Short text fragments from websites:
# # # # #
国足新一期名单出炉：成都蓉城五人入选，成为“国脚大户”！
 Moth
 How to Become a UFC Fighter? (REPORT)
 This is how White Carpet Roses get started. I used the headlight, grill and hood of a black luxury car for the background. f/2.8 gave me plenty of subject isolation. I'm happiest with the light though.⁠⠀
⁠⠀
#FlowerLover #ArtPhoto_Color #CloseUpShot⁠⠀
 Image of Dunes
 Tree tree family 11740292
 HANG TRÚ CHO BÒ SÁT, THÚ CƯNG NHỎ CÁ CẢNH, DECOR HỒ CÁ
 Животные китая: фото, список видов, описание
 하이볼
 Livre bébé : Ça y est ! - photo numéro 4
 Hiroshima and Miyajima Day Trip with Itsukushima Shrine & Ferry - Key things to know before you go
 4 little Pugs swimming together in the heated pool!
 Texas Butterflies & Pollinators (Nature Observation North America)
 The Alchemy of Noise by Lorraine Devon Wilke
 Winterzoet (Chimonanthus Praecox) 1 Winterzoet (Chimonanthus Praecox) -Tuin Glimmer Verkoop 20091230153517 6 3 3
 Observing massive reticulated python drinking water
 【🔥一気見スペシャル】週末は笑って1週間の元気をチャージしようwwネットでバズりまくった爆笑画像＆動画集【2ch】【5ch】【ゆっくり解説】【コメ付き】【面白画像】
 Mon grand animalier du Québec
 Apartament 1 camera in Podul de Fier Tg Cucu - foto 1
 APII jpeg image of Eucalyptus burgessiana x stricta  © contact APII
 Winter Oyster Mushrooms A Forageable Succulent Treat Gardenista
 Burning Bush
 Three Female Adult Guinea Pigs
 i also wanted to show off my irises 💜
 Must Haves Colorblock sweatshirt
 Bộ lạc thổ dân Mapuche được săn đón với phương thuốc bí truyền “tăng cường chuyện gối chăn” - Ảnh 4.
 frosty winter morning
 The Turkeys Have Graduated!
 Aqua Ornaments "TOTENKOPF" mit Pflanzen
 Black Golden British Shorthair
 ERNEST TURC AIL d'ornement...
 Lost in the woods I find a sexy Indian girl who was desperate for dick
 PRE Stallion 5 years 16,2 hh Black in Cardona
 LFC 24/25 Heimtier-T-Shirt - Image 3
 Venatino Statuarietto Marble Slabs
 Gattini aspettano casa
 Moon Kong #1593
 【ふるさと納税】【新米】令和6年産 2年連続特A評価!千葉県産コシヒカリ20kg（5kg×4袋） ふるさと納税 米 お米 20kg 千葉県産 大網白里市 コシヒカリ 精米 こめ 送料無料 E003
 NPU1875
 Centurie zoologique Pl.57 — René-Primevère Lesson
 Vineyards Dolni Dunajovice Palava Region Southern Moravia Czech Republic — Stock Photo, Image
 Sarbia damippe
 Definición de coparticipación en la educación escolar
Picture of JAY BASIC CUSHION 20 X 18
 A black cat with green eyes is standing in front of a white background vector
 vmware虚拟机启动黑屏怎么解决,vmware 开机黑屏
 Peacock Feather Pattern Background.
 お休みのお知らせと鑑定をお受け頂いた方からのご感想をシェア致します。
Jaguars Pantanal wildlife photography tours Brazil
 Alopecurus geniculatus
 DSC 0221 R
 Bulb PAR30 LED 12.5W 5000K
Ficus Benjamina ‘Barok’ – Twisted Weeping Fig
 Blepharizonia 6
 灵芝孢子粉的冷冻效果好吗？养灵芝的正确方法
# # # # #
### Problem
Repeat exactly the lines above, starting with the first line of the records and finishing with the line holding "Burning Bush". Add no other line.

### Solution for this task
国足新一期名单出炉：成都蓉城五人入选，成为“国脚大户”！
 Moth
 How to Become a UFC Fighter? (REPORT)
 This is how White Carpet Roses get started. I used the headlight, grill and hood of a black luxury car for the background. f/2.8 gave me plenty of subject isolation. I'm happiest with the light though.⁠⠀
⁠⠀
#FlowerLover #ArtPhoto_Color #CloseUpShot⁠⠀
 Image of Dunes
 Tree tree family 11740292
 HANG TRÚ CHO BÒ SÁT, THÚ CƯNG NHỎ CÁ CẢNH, DECOR HỒ CÁ
 Животные китая: фото, список видов, описание
 하이볼
 Livre bébé : Ça y est ! - photo numéro 4
 Hiroshima and Miyajima Day Trip with Itsukushima Shrine & Ferry - Key things to know before you go
 4 little Pugs swimming together in the heated pool!
 Texas Butterflies & Pollinators (Nature Observation North America)
 The Alchemy of Noise by Lorraine Devon Wilke
 Winterzoet (Chimonanthus Praecox) 1 Winterzoet (Chimonanthus Praecox) -Tuin Glimmer Verkoop 20091230153517 6 3 3
 Observing massive reticulated python drinking water
 【🔥一気見スペシャル】週末は笑って1週間の元気をチャージしようwwネットでバズりまくった爆笑画像＆動画集【2ch】【5ch】【ゆっくり解説】【コメ付き】【面白画像】
 Mon grand animalier du Québec
 Apartament 1 camera in Podul de Fier Tg Cucu - foto 1
 APII jpeg image of Eucalyptus burgessiana x stricta  © contact APII
 Winter Oyster Mushrooms A Forageable Succulent Treat Gardenista
 Burning Bush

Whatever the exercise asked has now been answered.